Re: [RFC 3/8] nvmet: Use p2pmem in nvme target

From: Sagi Grimberg
Date: Thu Apr 06 2017 - 01:47:59 EST



I hadn't done this yet but I think a simple closest device in the tree
would solve the issue sufficiently. However, I originally had it so the
user has to pick the device and I prefer that approach. But if the user
picks the device, then why bother restricting what he picks?
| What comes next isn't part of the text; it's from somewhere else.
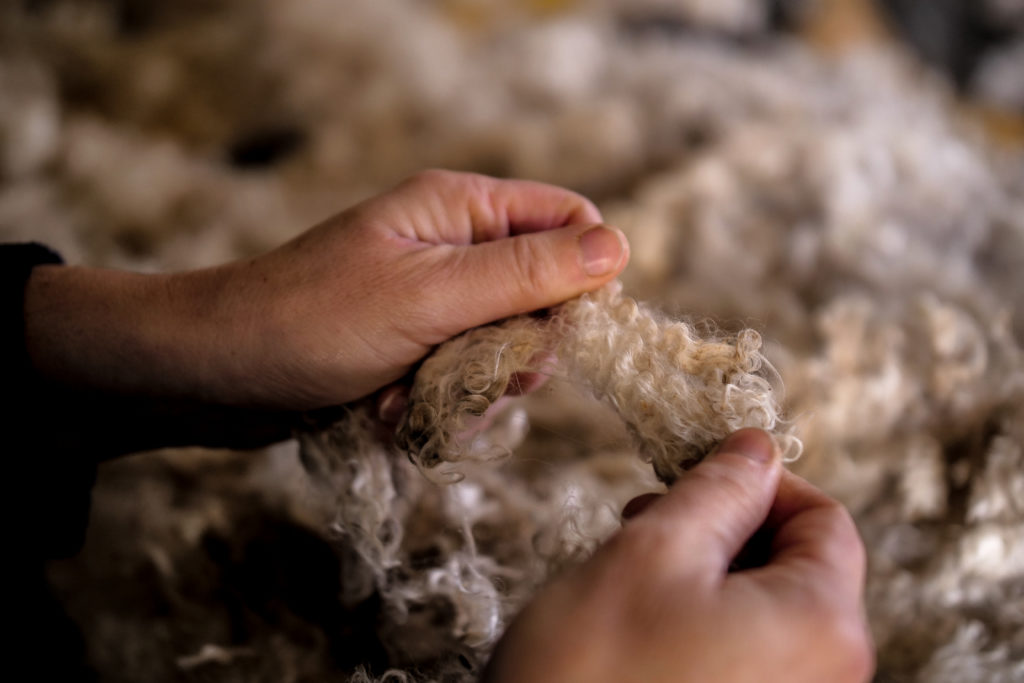 Tri du mohair Ferme des P'tits Bergers Atraps Chaussy Angerville Loiret Essonne Ile-de-France Paris Chèvre Angora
Because the user can get it wrong, and its our job to do what we can in
order to prevent the user from screwing itself.

Per the
thread with Sinan, I'd prefer to use what the user picks. You were one
of the biggest opponents to that so I'd like to hear your opinion on
removing the restrictions.

I wasn't against it that much, I'm all for making things "just work"
with minimal configuration steps, but I'm not sure we can get it
right without it.

Ideally, we'd want to use an NVME CMB buffer as p2p memory. This would
save an extra PCI transfer as the NVME card could just take the data
out of it's own memory. However, at this time, cards with CMB buffers
don't seem to be available.

Even if it was available, it would be hard to make real use of this
given that we wouldn't know how to pre-post recv buffers (for in-capsule
data). But let's leave this out of the scope entirely...
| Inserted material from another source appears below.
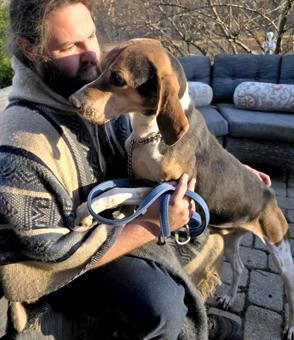 Watson, a Adoptable Treeing Walker Coonhound in Canterbury, CT image 3/5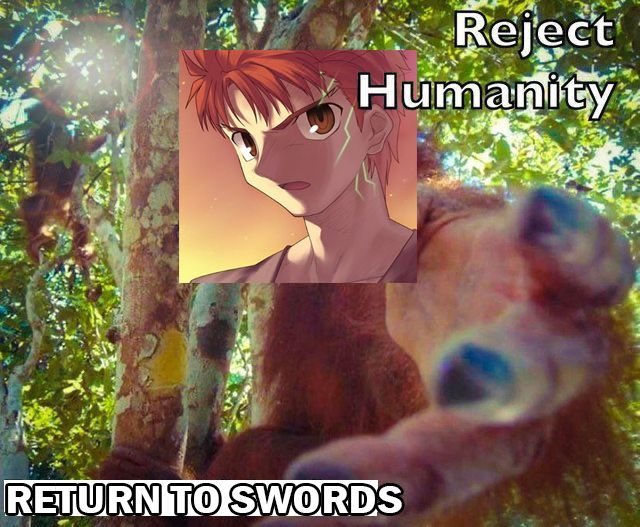 Ebil_mori's tweet photo. I am not seeing enough shirou here https://t.co/vl6MfjQR8m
I don't understand what you're referring to. We'd simply use the CMB
buffer as a p2pmem device, why does that change anything?

I'm referring to the in-capsule data buffers pre-posts that we do.
Because we prepare a buffer that would contain in-capsule data, we have
no knowledge to which device the incoming I/O is directed to, which
means we can (and will) have I/O where the data lies in CMB of device
A but it's really targeted to device B - which sorta defeats the purpose
of what we're trying to optimize here...

Why do you need this? you have a reference to the
queue itself.

This keeps track of whether the response was actually allocated with
p2pmem or not. It's needed for when we free the SGL because the queue
may have a p2pmem device assigned to it but, if the alloc failed and it
fell back on system memory then we need to know how to free it. I'm
currently looking at having SGLs having an iomem flag. In which case,
this would no longer be needed as the flag in the SGL could be used.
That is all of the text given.